In Deutschland sammelt das »Netzwerk für die demokratische Kontrolle der Finanzmärkte« Unterschriften für eine Erklärung, in der die Einführung der Tobin-Steuer, die Stabilisierung der Wechselkurse zwischen Dollar, Euro und Yen, sowie die »demokratische Umgestaltung internationaler Finanzinstitutionen« gefordert wird.
Viele christlich-solidarische Institutionen unterstützen den Appell. Auch der Kreisverband Potsdam der Grünen trägt die Erklärung mit.
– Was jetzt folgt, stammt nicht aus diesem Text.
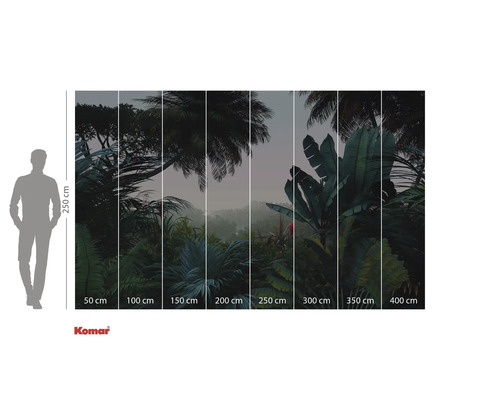 Komar fotobehang met tropisch bosmotief en maataanduidingen.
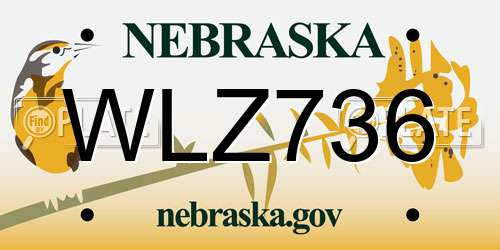 WLZ736 Nebraska License Plate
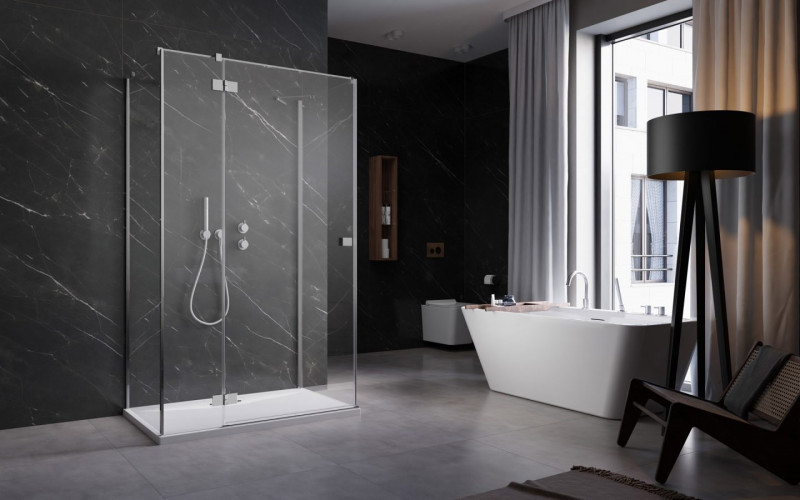 Radaway Essenza KDJ+S drzwi otwierane lewe 80 cm do kompletowania ze ściankami chrom przeźroczyste Easy Clean 1385021-01-01L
Der BUKO-Arbeitsschwerpunkt »Weltwirtschaft« kritisiert dagegen in einem offenen Brief die neokeynesianistische und etatistische Strategie der gesamten ATTAC-Bewegung und die Tatsache, daß das Netzwerk »nationale Wertschöpfungsgemeinschaften« konstruiert. Mit seiner »unzulässig verkürzten Kapitalismuskritik« beschwöre das Netzwerk seine »Vereinnahmung für nationalistische Argumentationsfiguren«. Der BUKO wird auf seinem jährlichen offenen Kongress vom 6. - 8. Oktober in Berlin über Strategien gegen die Zumutungen der »Globalisierung« diskutieren. Das »Netzwerk« beratschlagt, ebenfalls öffentlich, am 17. und 18. November in Frankfurt.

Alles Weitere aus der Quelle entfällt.